No wlasnie, teraz na ten temat. 
Wczoraj dostalam przesylke od mojej przyjaciolki, ktora to (przesylka nie przyjaciolka) mimo faktu bycia przesylka lotnicza wedrowala wiele tygodni do mnie...
Wedrowala az doszla i...  co za niespodzianka!!!!
Moja przyjaciolka zrobila mi bombowy prezent, malo sie nie przewrocilam.
Otoz dostalam bizuterie z kamieni mineralnych i to w pokaznej ilosci. 
Na razie roszyfrowalam tylko rodonit, aspis i rozowy kwarc i agat, ale jest tego wiecej.
No i od razu zakochalam sie w dwoch rzeczach, tak ze radosc byla wielka.
Tutaj juz nawet zona rybaka siedzi cicho, bo ilosc sprezentowanych rzeczy jest szalona.
A zreszta.... Zobaczcie sami...
 Piekne to, prawda???????
















niedziela, 28 czerwca 2015

Miniony tydzien i nie tylko...


Miniony tydzien byl pelen emocji, ale wszystko szczesliwie sie skonczylo!!!

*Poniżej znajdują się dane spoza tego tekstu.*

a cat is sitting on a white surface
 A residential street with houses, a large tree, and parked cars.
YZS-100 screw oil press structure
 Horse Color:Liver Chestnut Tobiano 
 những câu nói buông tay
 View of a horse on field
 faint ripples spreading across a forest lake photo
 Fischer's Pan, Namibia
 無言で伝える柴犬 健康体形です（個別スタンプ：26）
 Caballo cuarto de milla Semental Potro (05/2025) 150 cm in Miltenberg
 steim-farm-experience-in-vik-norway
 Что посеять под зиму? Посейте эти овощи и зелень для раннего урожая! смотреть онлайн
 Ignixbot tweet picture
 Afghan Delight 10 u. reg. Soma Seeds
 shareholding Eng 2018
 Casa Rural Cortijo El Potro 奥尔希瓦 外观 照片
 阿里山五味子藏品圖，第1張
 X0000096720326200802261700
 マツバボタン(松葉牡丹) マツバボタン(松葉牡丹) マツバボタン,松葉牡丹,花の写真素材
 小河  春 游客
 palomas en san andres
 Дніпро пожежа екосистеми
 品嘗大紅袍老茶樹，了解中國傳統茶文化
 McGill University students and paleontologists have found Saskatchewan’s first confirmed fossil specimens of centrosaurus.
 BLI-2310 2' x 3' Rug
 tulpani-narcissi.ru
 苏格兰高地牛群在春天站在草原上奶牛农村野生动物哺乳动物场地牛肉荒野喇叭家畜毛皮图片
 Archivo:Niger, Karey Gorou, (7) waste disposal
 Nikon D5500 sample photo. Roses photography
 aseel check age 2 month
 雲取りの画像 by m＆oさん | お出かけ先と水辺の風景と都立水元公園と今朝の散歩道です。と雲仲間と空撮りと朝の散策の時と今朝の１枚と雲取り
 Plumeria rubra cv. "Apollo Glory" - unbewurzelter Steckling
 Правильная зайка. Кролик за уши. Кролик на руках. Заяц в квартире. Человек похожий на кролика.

Na poczatek komputer. Pisze juz ten post na nowej rakiecie i prawde mowiac zachwycam sie
jaka to jest szybka i w ogole ho-ho-ho... Moj slubny nie dostal jeszcze rachunku za calosc (czyli za samo urzadzenie i za prace speca - ta jeszcze nie calkiem dokonczona ) wiec spi spokojnie, ale moze sie to zmienic :-( On i tak powtarza, ze jego siwe wlosy to moja wina...
Ale komputer mnie cieszy, nareszcie mam wszystkie programy graficzne i nie trzeba minutami czekac na wyniki takich czy innych posuniec.

Akcja "bialy zabek" miala po czesci dobry przebieg. W czasie wizyty pan dentysta zaklepal mi dziure, ale jednoczesnie omowil sprawe zrobienia nowego zeba i... to oznacza kilka nowych wizyt i na koncu tez sowity rachunek (kosztorys juz mam to wiem).
Ale na razie moge sie usmiechac od ucha do ucha i to jest najwazniejsze, bo ja sie bardzo lubie usmiechac :-))))))))))

Egzamin zostal zdany i przyznam sie, ze bardzo mnie to ucieszylo!
Dlugo sie to wszystko ciagnelo i prawde mowiac czulam sie sparalizowana.
To juz pare lat (hmm... hmm...) jak juz pokonczylam szkoly i dlatego takie zadania nie sa
chlebem powszednim.
Ale wszystko dobrze sie potoczylo i jestem zadowolona, ze ten rozdzial zamkniety.
We wtorek rozdanie papierow i na koniec pojdziemy na jakies lody czy kawe...
I znowu sie okazalo, ze wszystko przemija!!!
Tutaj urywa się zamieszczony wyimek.